PROBLEM DESCRIPTION: Transcribe the full listing exactly, and drop every picture.

SOURCE DATA:

>>>

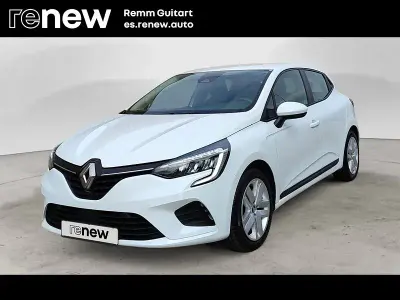Usado Renault Clio V Intens 140 CV (102 kW) 2021 Blanco Berlina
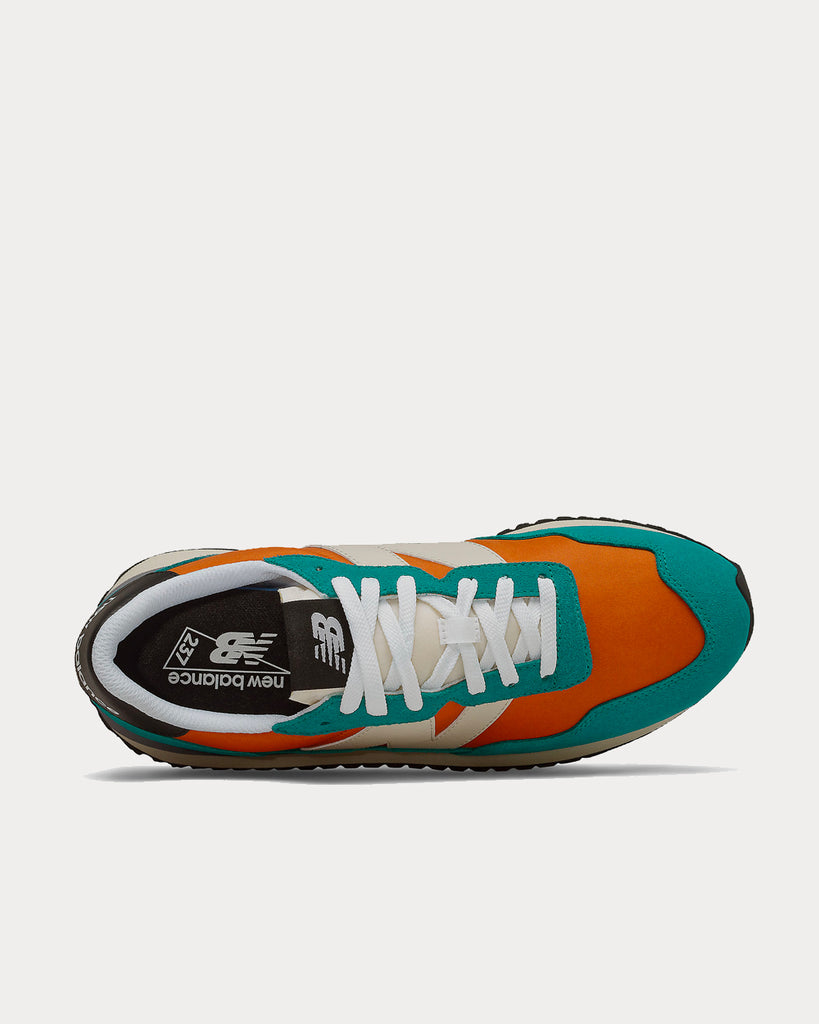 Teal and orange hotsell sneakers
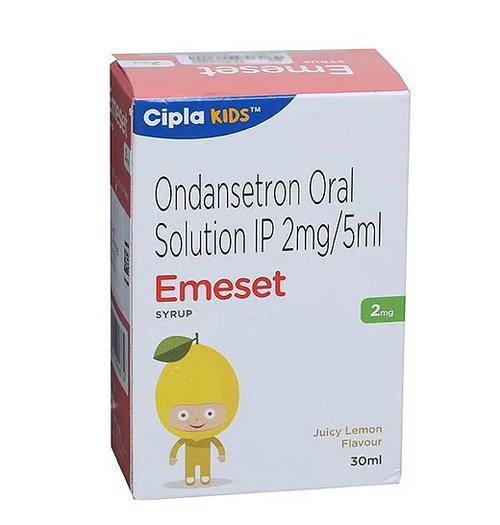 Emeset Syrup Juicy Lemon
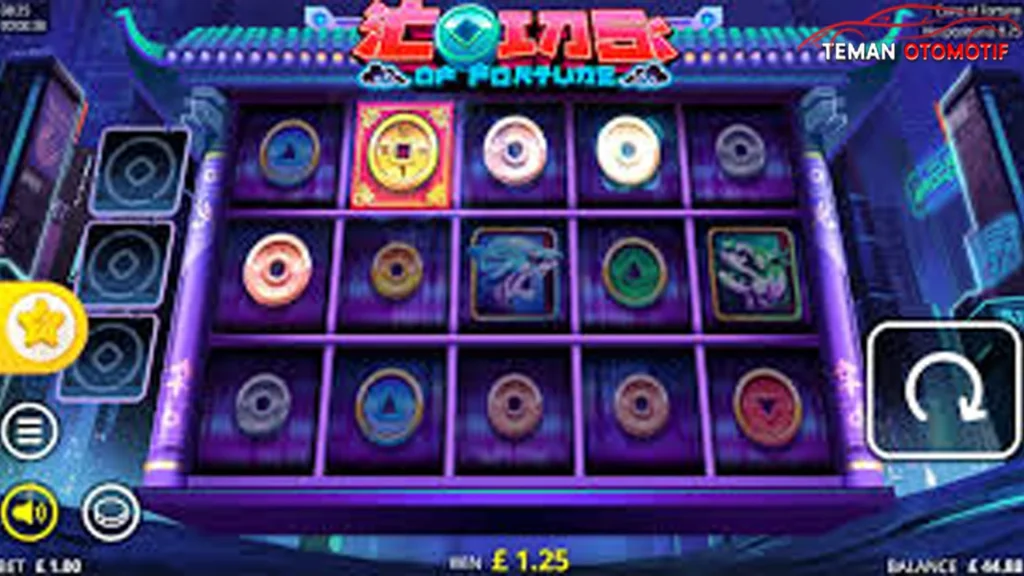 Coins of Fortune Berani di 5 Platform Social Media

<<<

ANSWER SPACE:
Usado Renault Clio V Intens 140 CV (102 kW) 2021 Blanco Berlina
 Teal and orange hotsell sneakers
 Emeset Syrup Juicy Lemon
 Coins of Fortune Berani di 5 Platform Social Media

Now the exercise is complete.